Task requirements: Please retype the listing below without a single change.

### Given records

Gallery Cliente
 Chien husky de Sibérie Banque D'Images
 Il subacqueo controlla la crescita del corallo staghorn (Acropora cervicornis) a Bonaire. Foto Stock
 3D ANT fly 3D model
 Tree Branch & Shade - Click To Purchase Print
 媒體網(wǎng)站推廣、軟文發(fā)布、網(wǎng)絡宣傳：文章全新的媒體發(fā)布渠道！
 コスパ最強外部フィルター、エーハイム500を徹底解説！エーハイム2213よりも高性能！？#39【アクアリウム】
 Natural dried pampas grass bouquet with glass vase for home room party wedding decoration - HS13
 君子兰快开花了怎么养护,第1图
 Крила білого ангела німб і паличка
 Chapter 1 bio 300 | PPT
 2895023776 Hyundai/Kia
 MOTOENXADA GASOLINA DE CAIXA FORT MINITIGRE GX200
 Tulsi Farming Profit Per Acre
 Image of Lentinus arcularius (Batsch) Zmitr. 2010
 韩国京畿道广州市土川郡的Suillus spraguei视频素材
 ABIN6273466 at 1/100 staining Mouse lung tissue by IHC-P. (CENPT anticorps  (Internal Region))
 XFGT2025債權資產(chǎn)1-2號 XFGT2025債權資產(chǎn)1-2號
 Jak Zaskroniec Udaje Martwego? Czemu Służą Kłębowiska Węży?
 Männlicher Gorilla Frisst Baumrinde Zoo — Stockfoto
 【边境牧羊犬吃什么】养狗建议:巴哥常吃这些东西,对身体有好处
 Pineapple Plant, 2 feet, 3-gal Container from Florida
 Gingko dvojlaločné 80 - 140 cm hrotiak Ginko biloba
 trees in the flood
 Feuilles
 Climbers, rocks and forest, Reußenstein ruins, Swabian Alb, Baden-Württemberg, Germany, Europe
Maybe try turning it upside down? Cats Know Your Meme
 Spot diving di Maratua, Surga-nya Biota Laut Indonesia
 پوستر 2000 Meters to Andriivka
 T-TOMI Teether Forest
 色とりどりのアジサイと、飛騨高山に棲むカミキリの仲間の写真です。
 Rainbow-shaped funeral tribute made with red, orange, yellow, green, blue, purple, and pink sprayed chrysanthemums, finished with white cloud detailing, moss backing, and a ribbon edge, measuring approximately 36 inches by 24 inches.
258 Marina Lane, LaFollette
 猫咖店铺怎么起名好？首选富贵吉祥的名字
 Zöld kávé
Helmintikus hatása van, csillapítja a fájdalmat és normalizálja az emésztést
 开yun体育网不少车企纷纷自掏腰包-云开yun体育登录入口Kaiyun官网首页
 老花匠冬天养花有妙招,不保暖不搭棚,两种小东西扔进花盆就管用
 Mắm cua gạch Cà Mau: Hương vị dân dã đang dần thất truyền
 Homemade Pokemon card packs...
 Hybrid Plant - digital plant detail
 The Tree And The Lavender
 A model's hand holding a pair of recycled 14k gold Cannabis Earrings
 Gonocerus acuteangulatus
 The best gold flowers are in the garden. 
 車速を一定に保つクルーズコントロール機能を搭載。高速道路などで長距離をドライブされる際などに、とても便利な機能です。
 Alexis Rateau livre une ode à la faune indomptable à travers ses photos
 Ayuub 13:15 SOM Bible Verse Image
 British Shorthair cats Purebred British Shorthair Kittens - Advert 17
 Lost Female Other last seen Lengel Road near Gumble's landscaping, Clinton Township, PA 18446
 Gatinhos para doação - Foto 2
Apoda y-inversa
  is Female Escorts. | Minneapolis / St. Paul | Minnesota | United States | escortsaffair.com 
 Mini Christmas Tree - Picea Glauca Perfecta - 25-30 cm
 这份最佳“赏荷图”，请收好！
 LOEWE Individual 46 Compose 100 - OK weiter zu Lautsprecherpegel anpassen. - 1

######

Solution for this exercise:
Gallery Cliente
 Chien husky de Sibérie Banque D'Images
 Il subacqueo controlla la crescita del corallo staghorn (Acropora cervicornis) a Bonaire. Foto Stock
 3D ANT fly 3D model
 Tree Branch & Shade - Click To Purchase Print
 媒體網(wǎng)站推廣、軟文發(fā)布、網(wǎng)絡宣傳：文章全新的媒體發(fā)布渠道！
 コスパ最強外部フィルター、エーハイム500を徹底解説！エーハイム2213よりも高性能！？#39【アクアリウム】
 Natural dried pampas grass bouquet with glass vase for home room party wedding decoration - HS13
 君子兰快开花了怎么养护,第1图
 Крила білого ангела німб і паличка
 Chapter 1 bio 300 | PPT
 2895023776 Hyundai/Kia
 MOTOENXADA GASOLINA DE CAIXA FORT MINITIGRE GX200
 Tulsi Farming Profit Per Acre
 Image of Lentinus arcularius (Batsch) Zmitr. 2010
 韩国京畿道广州市土川郡的Suillus spraguei视频素材
 ABIN6273466 at 1/100 staining Mouse lung tissue by IHC-P. (CENPT anticorps  (Internal Region))
 XFGT2025債權資產(chǎn)1-2號 XFGT2025債權資產(chǎn)1-2號
 Jak Zaskroniec Udaje Martwego? Czemu Służą Kłębowiska Węży?
 Männlicher Gorilla Frisst Baumrinde Zoo — Stockfoto
 【边境牧羊犬吃什么】养狗建议:巴哥常吃这些东西,对身体有好处
 Pineapple Plant, 2 feet, 3-gal Container from Florida
 Gingko dvojlaločné 80 - 140 cm hrotiak Ginko biloba
 trees in the flood
 Feuilles
 Climbers, rocks and forest, Reußenstein ruins, Swabian Alb, Baden-Württemberg, Germany, Europe
Maybe try turning it upside down? Cats Know Your Meme
 Spot diving di Maratua, Surga-nya Biota Laut Indonesia
 پوستر 2000 Meters to Andriivka
 T-TOMI Teether Forest
 色とりどりのアジサイと、飛騨高山に棲むカミキリの仲間の写真です。
 Rainbow-shaped funeral tribute made with red, orange, yellow, green, blue, purple, and pink sprayed chrysanthemums, finished with white cloud detailing, moss backing, and a ribbon edge, measuring approximately 36 inches by 24 inches.
258 Marina Lane, LaFollette
 猫咖店铺怎么起名好？首选富贵吉祥的名字
 Zöld kávé
Helmintikus hatása van, csillapítja a fájdalmat és normalizálja az emésztést
 开yun体育网不少车企纷纷自掏腰包-云开yun体育登录入口Kaiyun官网首页
 老花匠冬天养花有妙招,不保暖不搭棚,两种小东西扔进花盆就管用
 Mắm cua gạch Cà Mau: Hương vị dân dã đang dần thất truyền
 Homemade Pokemon card packs...
 Hybrid Plant - digital plant detail
 The Tree And The Lavender
 A model's hand holding a pair of recycled 14k gold Cannabis Earrings
 Gonocerus acuteangulatus
 The best gold flowers are in the garden. 
 車速を一定に保つクルーズコントロール機能を搭載。高速道路などで長距離をドライブされる際などに、とても便利な機能です。
 Alexis Rateau livre une ode à la faune indomptable à travers ses photos
 Ayuub 13:15 SOM Bible Verse Image
 British Shorthair cats Purebred British Shorthair Kittens - Advert 17
 Lost Female Other last seen Lengel Road near Gumble's landscaping, Clinton Township, PA 18446
 Gatinhos para doação - Foto 2
Apoda y-inversa
  is Female Escorts. | Minneapolis / St. Paul | Minnesota | United States | escortsaffair.com 
 Mini Christmas Tree - Picea Glauca Perfecta - 25-30 cm
 这份最佳“赏荷图”，请收好！
 LOEWE Individual 46 Compose 100 - OK weiter zu Lautsprecherpegel anpassen. - 1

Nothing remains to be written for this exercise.